FoTeRo: Focus and thematic role assignment: A comparison of Hungarian and German in Child Language Comprehension

Principal investigators:
Prof. Dr. Pia Knoeferle
Humboldt-Universität zu Berlin
Prof. Dr. Stavros Skopeteas
Universität Bielefeld

Project description:
The aim of this project is to investigate pragmatic inferences from information structure to thematic role assignment in Hungarian and in German. The fact that information structure contributes to role disambiguation, in addition to syntactic and morphological cues (such as word order and case) is established in psycholinguistic and typological research. However, we know very little about listeners’ principles in mapping information structural categories, such as topic and focus, to particular arguments and to thematic roles in languages that differ in this mapping. We know even less about how this mapping changes across language development. This project will collect empirical data with the goal of developing a precise pragmatic account of this process during language comprehension. Two theoretical positions will be compared: (a) Hearers use information structural preferences (e.g., topics are subjects and foci are objects) as defaults for thematic role assignment; (b) alternatively, information structural cues motivate pragmatic inferences about why the speaker uses canonical or non-canonical word orders.
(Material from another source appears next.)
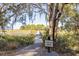 Scenic community dock with tree coverage and marsh views, offering a serene environment at 1420 Polly Point Rd, Wadmalaw Island, SC 29487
In order to examine the predictions of these hypotheses, we will conduct experimental studies (visual word paradigm) in two languages that crucially differ with respect to how focus is typically interpreted (as an object in German, and as a subject in Hungarian). We examine how (differences in) the syntax and prosody of these languages implicate inferential processes that lead to different thematic role assignments. By examining data from several stages of language development (in both languages), the project will gain insights into (a) the developmental stages in the recognition of particular cues (e.g., prosody and case), (b) the contribution of these cues to the pragmatics of role assignment; and (c) children’s emerging pragmatic competence in this process. The results of this project will be integrated into a psycholinguistic model of situated language processing (Coordinated Interplay Account).